D’un  côté, le gouvernement se dit toujours engagé dans la volonté d’un accord et de l’autre le président de la république, qui affirme que « les êtres humains ne sont pas des unités arithmétiques », insistant sur l’importance de la préservation de la paix sociale et se désolidarisant de son gouvernement.

« Malgré un exécutif à une seule tête, garantie par la Constitution, le FMI voit, lui, deux discours fragilisant davantage la crédibilité de la Tunisie », souligne Hamza Meddeb.

Le discours souverainiste interne à la Tunisie mené par Kaïs Saïed, et le contre-discours à l’international défendu par le gouvernement pour assurer un accord avec le FMI, peut-il être en réalité une stratégie de partage des rôles? « Si c’est le cas il s’agit d’une position dangereuse et qui est en train de donner l’effet inverse. Je pense plutôt que la position de Kaïs Saïed reflète véritablement l’idéologie et le dogme qui l’animent, selon lesquels il est contre les instituions financières internationales. Il a, à de nombreuses reprises, rappelé que ces dernières n’avaient pas à dire à la Tunisie ce qu’il faut faire. Alors que du coté du gouvernement on agi de façon pragmatique pour sécuriser la solvabilité du pays », nous dit le politologue.

Le FMI attend des signaux

Parmi les réformes présentées par la partie tunisienne et qui ont permis l’accord technique du 15 octobre 2022, il y en a essentiellement deux qui posent problème aujourd’hui. Celle sur la réforme des compensations et celle concernant les entreprises publiques.
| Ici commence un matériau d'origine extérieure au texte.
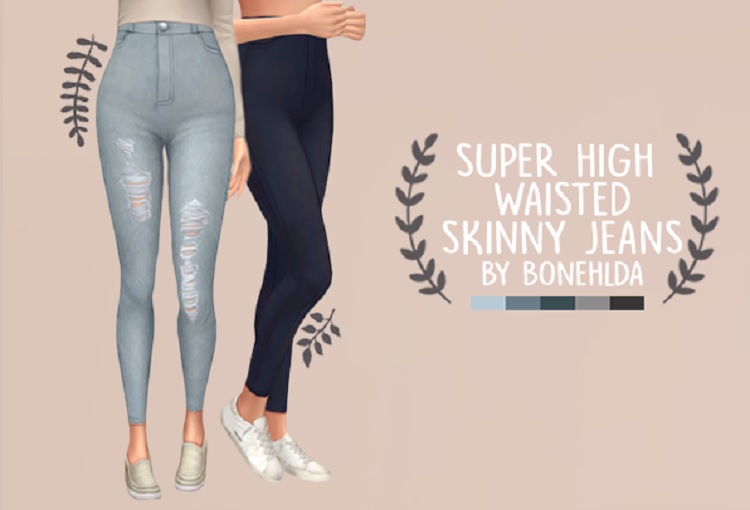 Super High Waisted Skinny Jeans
Certains experts tunisiens ont évoqué la possibilité que le FMI accepte d’étaler l’ajustement des prix du carburant et des matières premières sur une période qui peut dépasser les 4 ans, et donc au delà du programme. Or, pour Hamza Meddeb cela est impossible.

« Un programme avec le FMI est réalisé sur une période de 4 ans. Au bout de ces 48 mois, il faut que la Tunisie réussisse à avoir un excédent primaire afin de pouvoir rembourser sa dette. Ce qui peut être éventuellement négocié c’est un ajustement léger sur les produits alimentaires la première année et que les plus gros efforts se fassent plus tard, sur la deuxième moitié du programme. Ainsi, on peut négocier la séquentialisation du programme ou encore l’échéancier, mais pas plus », relève-t-il.

Sur la question de la réforme sur les entreprises publiques, Meddeb rappelle que la loi a été adoptée, mais qu’elle n’a toujours pas été promulguée. Et sur celle de l’énergie, l’expert souligne qu’il n’y a pas eu d’augmentation depuis 6 mois alors que la Tunisie s’était engagée à faire des augmentations mensuelles.

« Des programmes de financement sans conditionnalités n’existent pas et il n’y a pas d’argent facile, surtout dans le contexte actuel et après les deux échecs des précédents programmes », ajoute le chercheur.

Une prudence d’autant plus justifiée quand on sait que la Tunisie fait partie des pays, qui reviennent taper à la porte de l’institution financière tous les 4 ans. Or, pour rappel, le but du FMI est d’aider les pays à ne plus avoir besoin du FMI. C’est un prêteur de dernier recours. Il faut donc que les financements soient utilisés de manière efficace pour sortir le pays de ses difficultés et faire en sorte qu’il n’ait plus besoin du FMI et qu’il puisse accéder normalement au marché financier international.

Aujourd’hui, la Tunisie est dans une véritable urgence si elle veut vraiment obtenir le programme de financement de 1,9 milliards de dollars avec le Fonds monétaire international, car l’accord technique, qui date déjà de 6 mois, risque de devenir obsolète.

D’abord le taux de croissance de la Tunisie a été déjà été revu à la baisse par le FMI justement. On parle d’une croissance de 1,3%, contre les 2,7% estimés par le gouvernement dans la loi de finances 2023.

Par ailleurs, les prévisions de récoltes en céréales seront également en baisse ce qui veut dire que  les besoins de réserves en devises seront encore plus important pour pallier à ce manque à travers l’importation.

Les prochaines réunions du Conseil d’administration du FMI auront lieu au mois de mai et la question est de savoir si la Tunisie sera sur l’agenda de ces réunions. D’après Hamza Meddeb, pour que cela soit le cas, le Fonds attend une annonce politique. Ainsi, la promulgation au JORT de la loi sur les entreprises publiques et la hausse des prix de l’essence pourraient constituer deux signaux positifs quant à la volonté de la Tunisie d’entrer en programme avec le FMI.